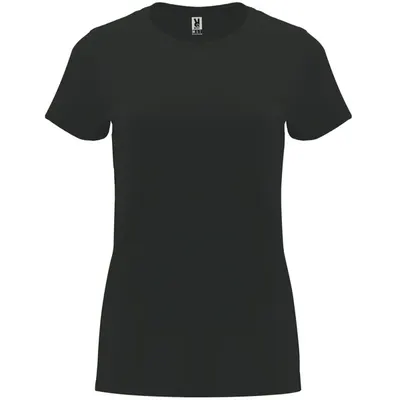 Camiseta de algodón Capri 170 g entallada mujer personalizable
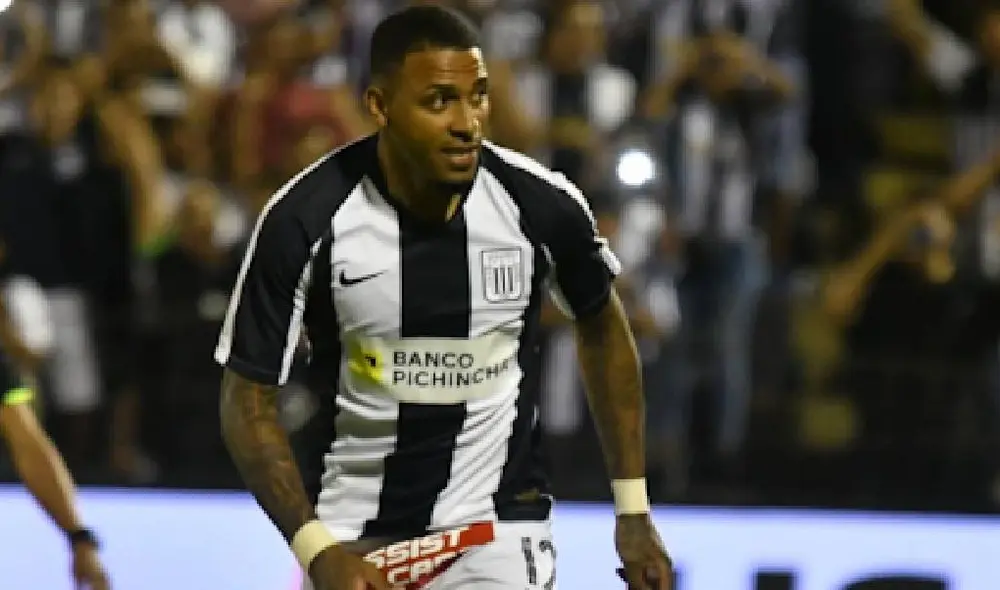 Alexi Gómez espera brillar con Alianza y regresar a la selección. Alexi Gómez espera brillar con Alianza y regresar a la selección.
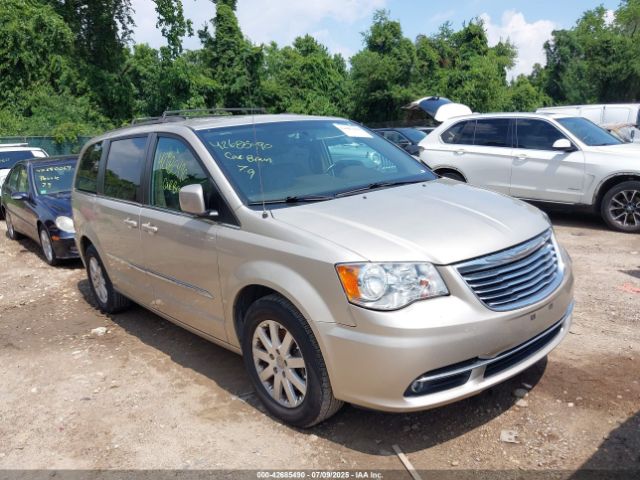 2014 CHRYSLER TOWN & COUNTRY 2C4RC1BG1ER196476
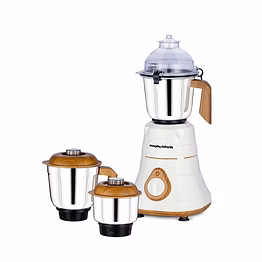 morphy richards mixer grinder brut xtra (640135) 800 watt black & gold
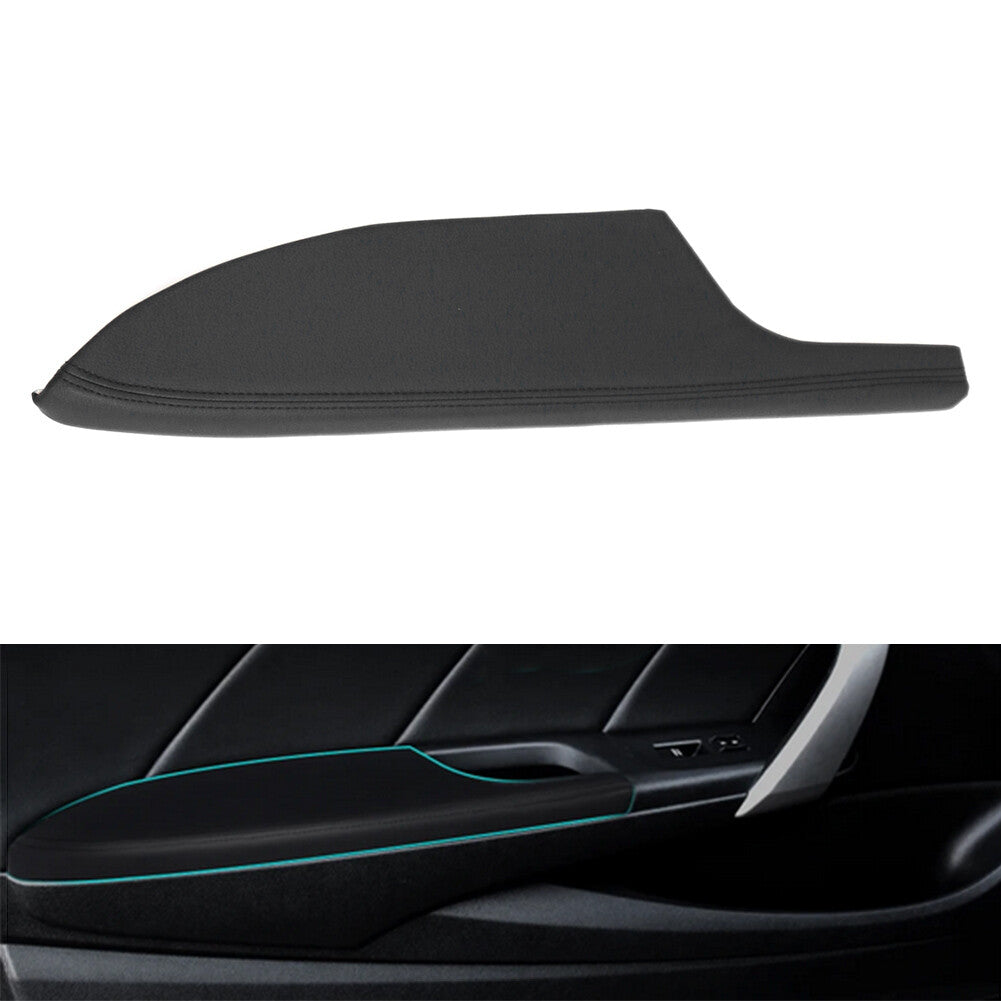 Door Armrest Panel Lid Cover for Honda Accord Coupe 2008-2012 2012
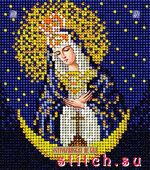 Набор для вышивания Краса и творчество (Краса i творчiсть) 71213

* * *

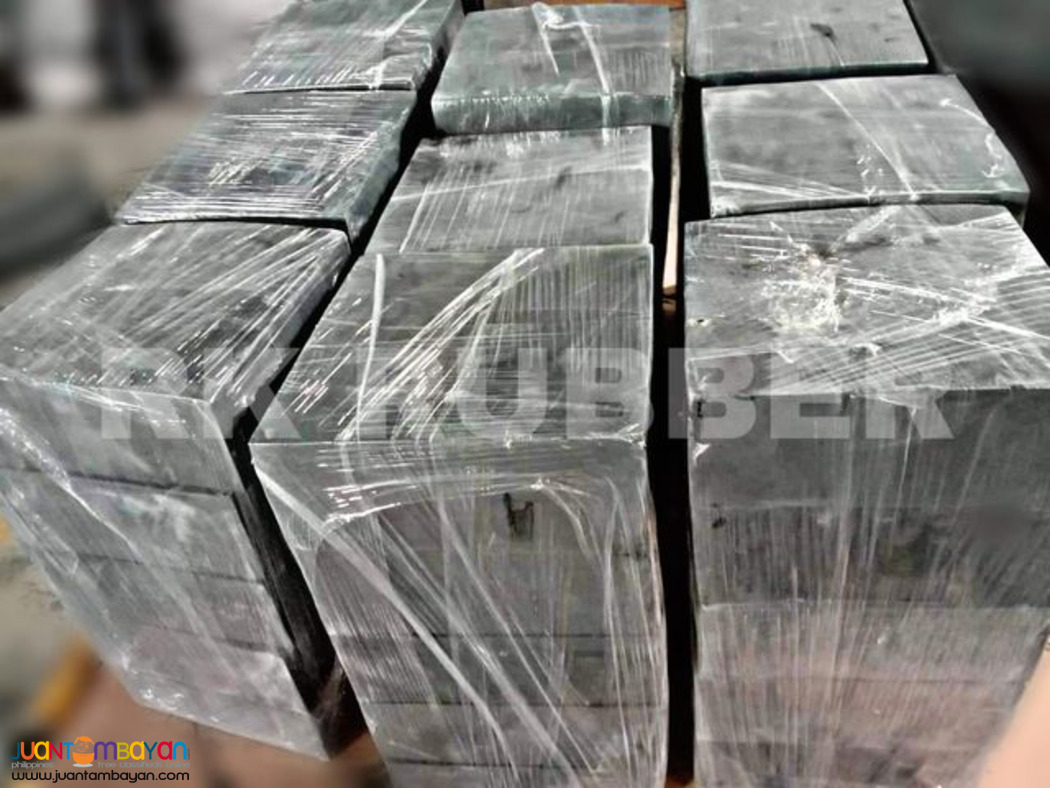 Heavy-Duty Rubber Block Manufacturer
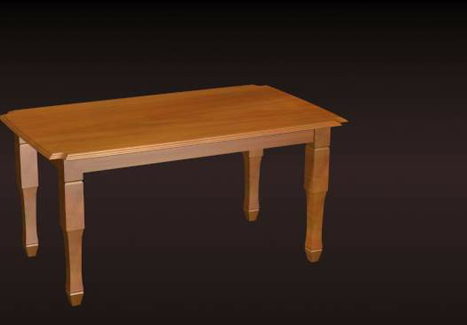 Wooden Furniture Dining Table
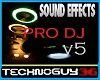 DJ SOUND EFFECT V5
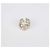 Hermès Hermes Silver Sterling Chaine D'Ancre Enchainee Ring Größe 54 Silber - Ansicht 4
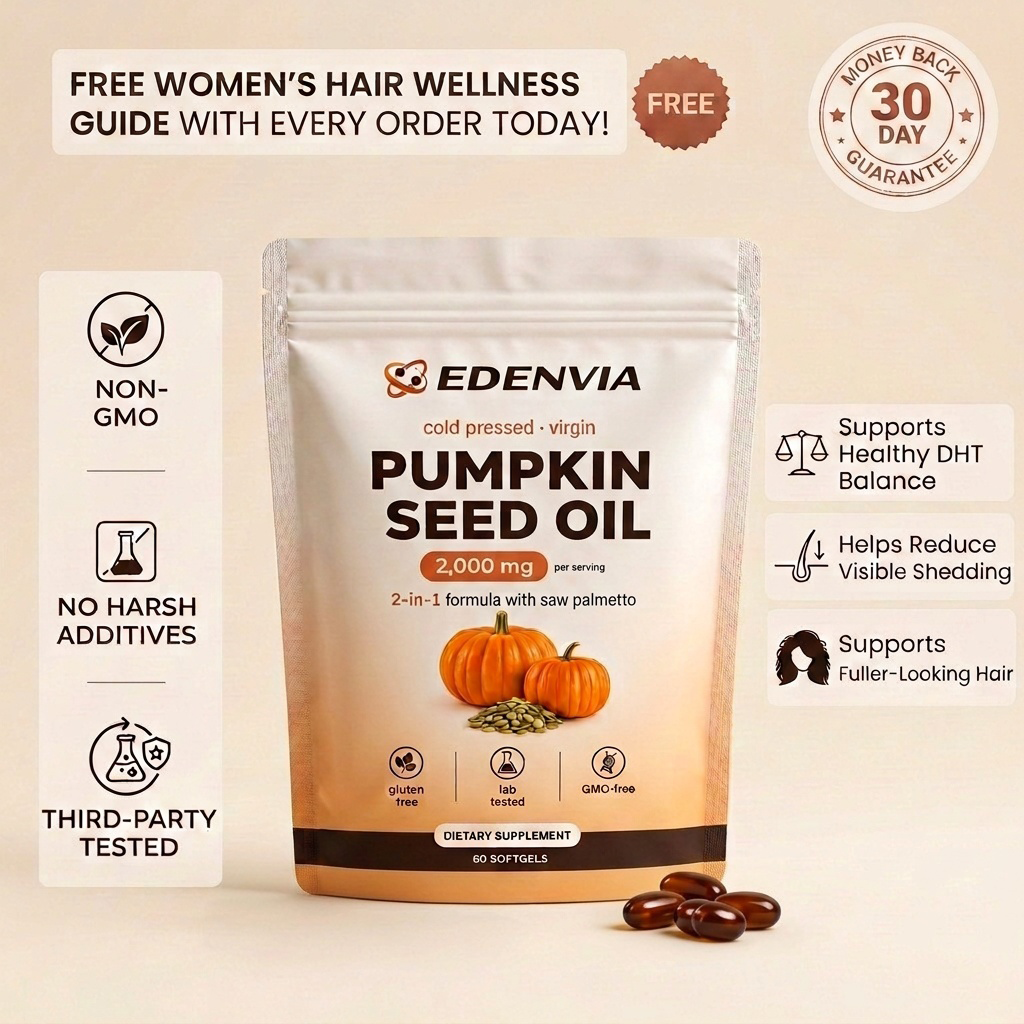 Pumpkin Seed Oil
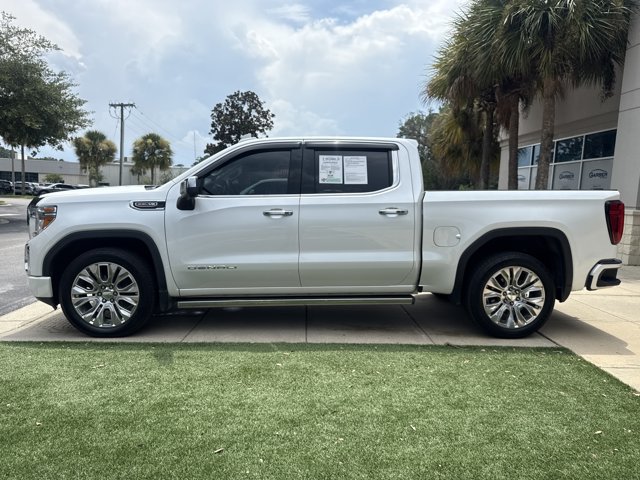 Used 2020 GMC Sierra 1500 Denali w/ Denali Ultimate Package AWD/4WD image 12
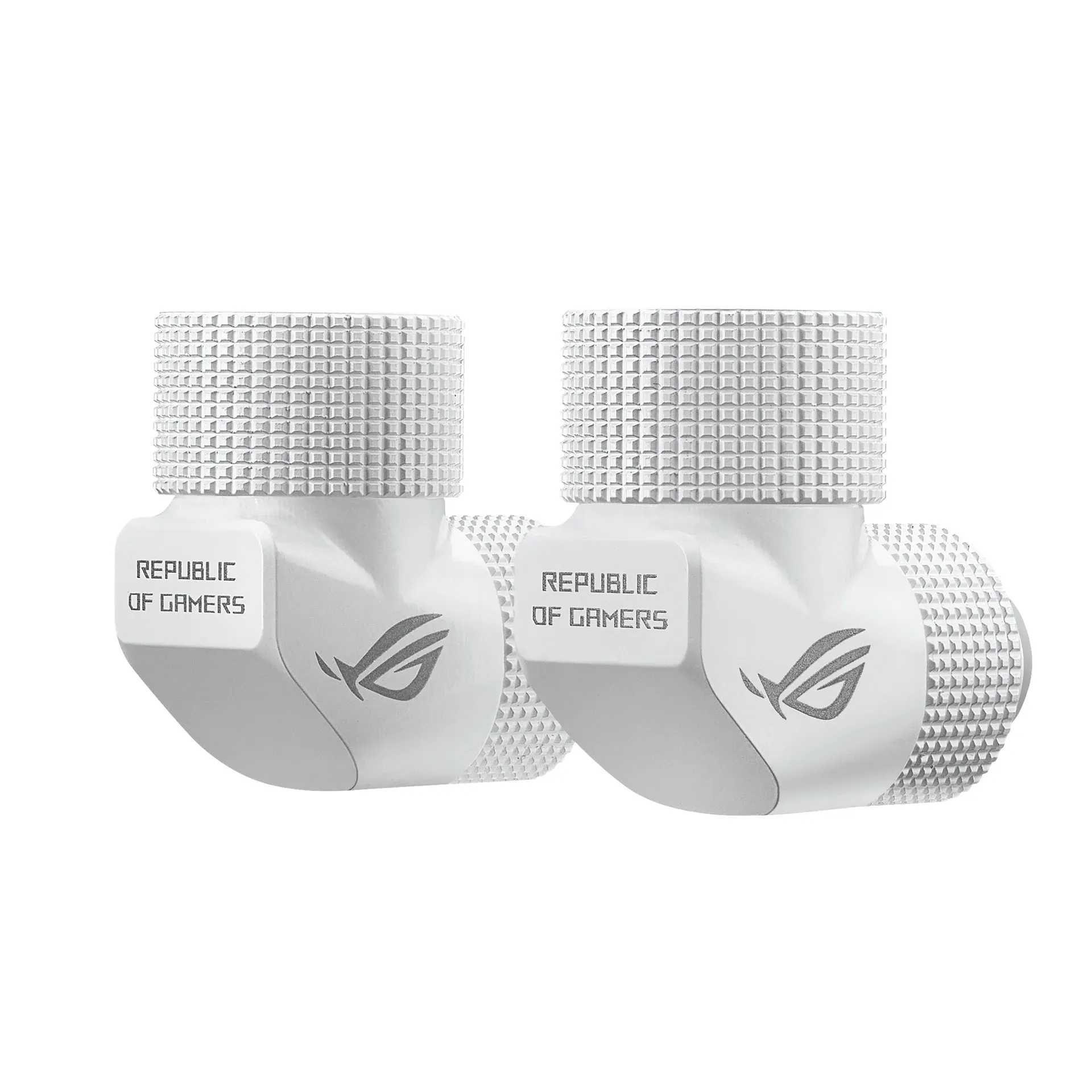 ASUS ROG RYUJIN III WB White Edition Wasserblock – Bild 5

...

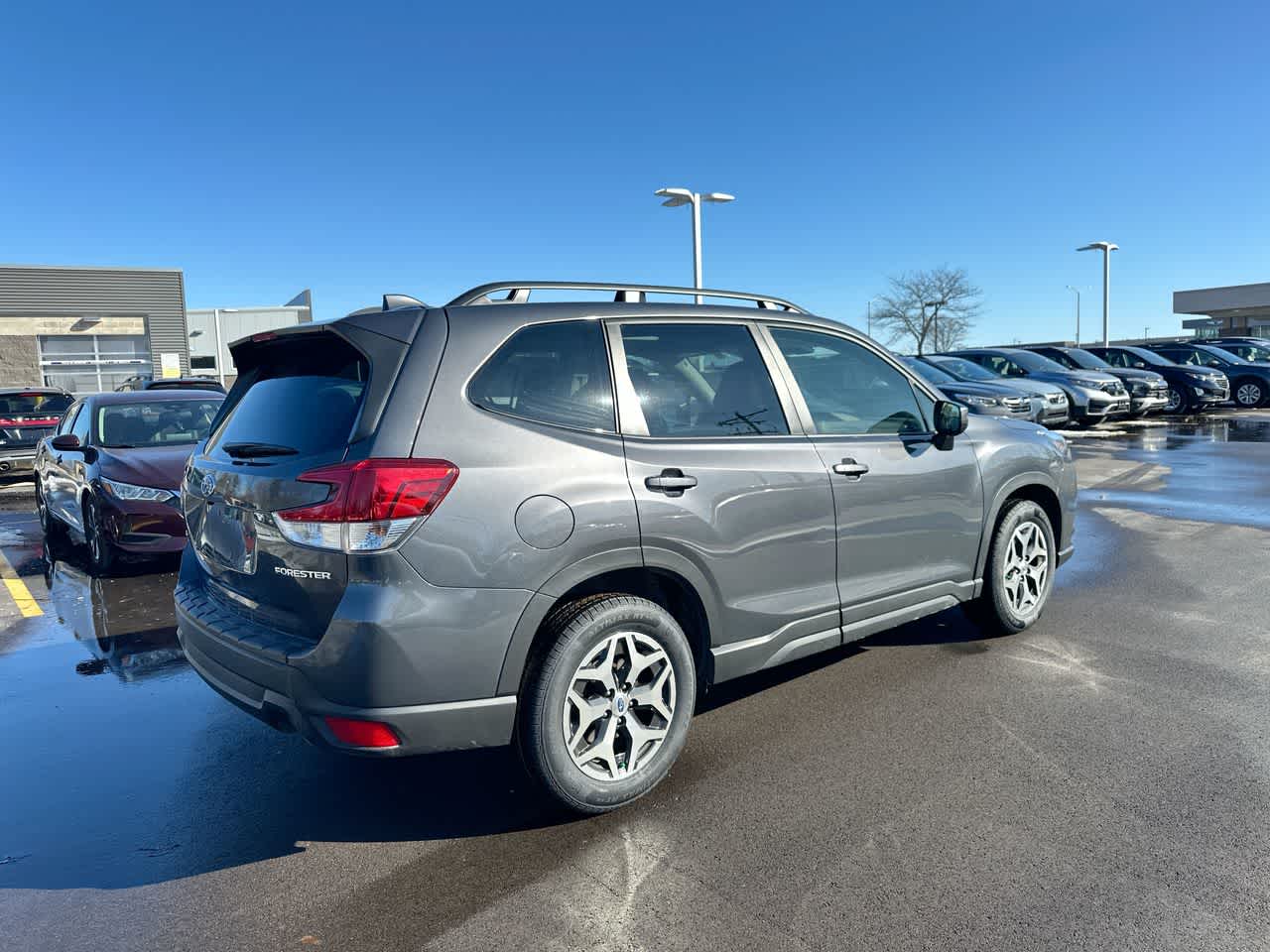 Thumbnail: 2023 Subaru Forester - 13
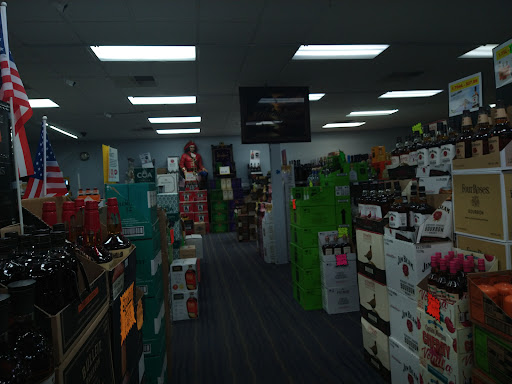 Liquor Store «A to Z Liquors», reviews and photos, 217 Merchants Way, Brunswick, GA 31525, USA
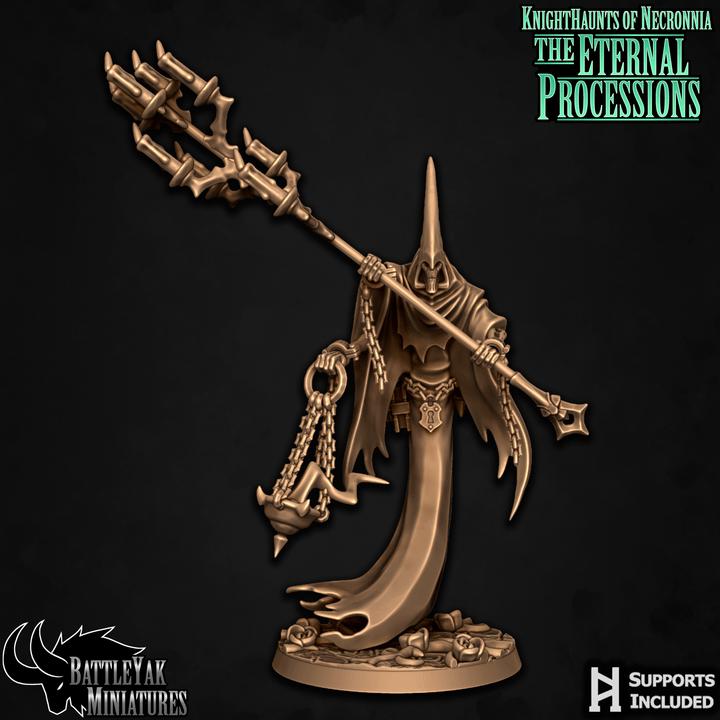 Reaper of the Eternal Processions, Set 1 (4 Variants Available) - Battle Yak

Prompt:
What's needed is an exact copy of the records above from the line containing "Camiseta de algodón" down to the line containing "Набор для вышивания", both included, without any pictures.

Reply:
 Camiseta de algodón Capri 170 g entallada mujer personalizable
 Alexi Gómez espera brillar con Alianza y regresar a la selección. Alexi Gómez espera brillar con Alianza y regresar a la selección.
 2014 CHRYSLER TOWN & COUNTRY 2C4RC1BG1ER196476
 morphy richards mixer grinder brut xtra (640135) 800 watt black & gold
 Door Armrest Panel Lid Cover for Honda Accord Coupe 2008-2012 2012
 Набор для вышивания Краса и творчество (Краса i творчiсть) 71213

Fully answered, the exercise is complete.